Your R Markdown files (
.Rmd) and the resulting markdown files (
.md) will be graded jointly, so they must be consistent (as in, don’t change the R Markdown file without also updating the knitted document!).
All results presented must have corresponding code.
If you do calculations by hand instead of using R and then report the results from the calculations, you will not receive credit for those calculations.
Any answers/results given without the corresponding R code that generated the result will not be considered.
For example, if you’re reporting the number of observations in your dataset, don’t just write the number manually, use inline R code to calculate the number.
All code reported in your final project document should work properly.
Please do not include any extraneous code or code which produces error messages.
Code which produces certain warnings and messages is acceptable, as long as you understand what the warnings mean.
In such cases you can add
warning = FALSE and
message = FALSE in the relevant R chunks.

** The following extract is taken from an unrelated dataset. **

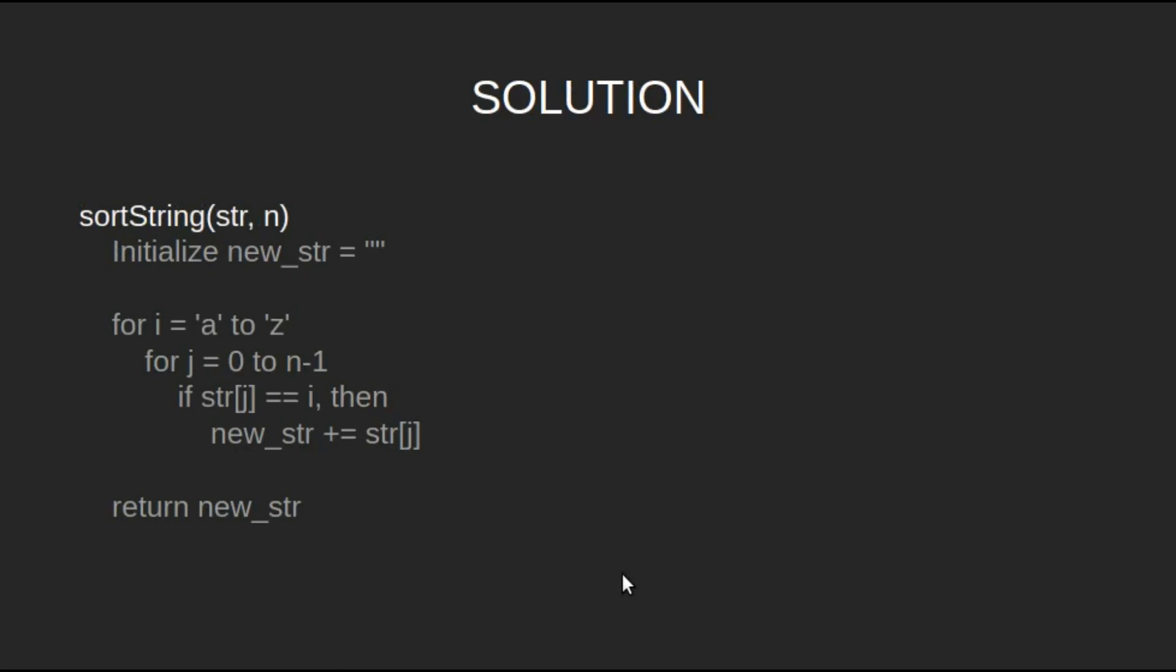Let's look at the algorithm. Initialize new string as an empty string. Then traverse the characters from a to z and for each character, traverse the string. And if the character is found, then add that character to the new string and return it.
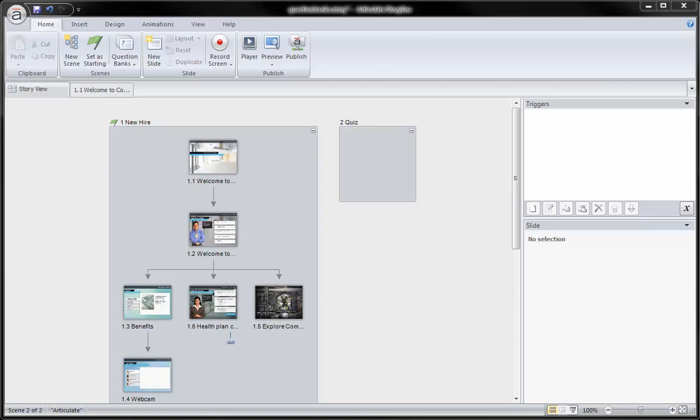The great thing about question banks in Storyline is that they allow you to not only organize your questions, but also randomly serve up those questions to your learners. For example, I would like to create a randomized quiz where my learner will see a different set of 10 questions each time they take the quiz.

Warnings that signal lifecycle changes (e.g., a function is deprecated and there’s a newer/better function out there) should generally be addressed by updating your code, not just by hiding the warning.
You’re working in the same repo as your teammates now, so merge conflicts will happen, issues will arise, and that’s fine! Commit and push often, and ask questions when stuck.
Review the marking guidelines below and ask questions if any of the expectations are unclear.
Make sure each team member is contributing, both in terms of quality and quantity of contribution (we will be reviewing commits from different team members).
Set aside time to work together and apart (physically).
In your presentation your code should be hidden (
echo = FALSE) so that your slides are neat and easy to read. However your document should include all your code such that if I re-knit your R Markdown file I should be able to obtain the results you presented. Exception: If you want to highlight something specific about a piece of code, you’re welcomed to show that portion.
In your write-up your code should be visible.
Teamwork: You are to complete the assignment as a team. All team members are expected to contribute equally to the completion of this assignment and team evaluations will be given at its completion - anyone judged to not have sufficient contributed to the final product will have their grade penalized. While different teams members may have different backgrounds and abilities, it is the responsibility of every team member to understand how and why all code and approaches in the assignment works.
When you’re done, review the documents on GitHub to make sure you’re happy with the final state of your work. Then go get some rest!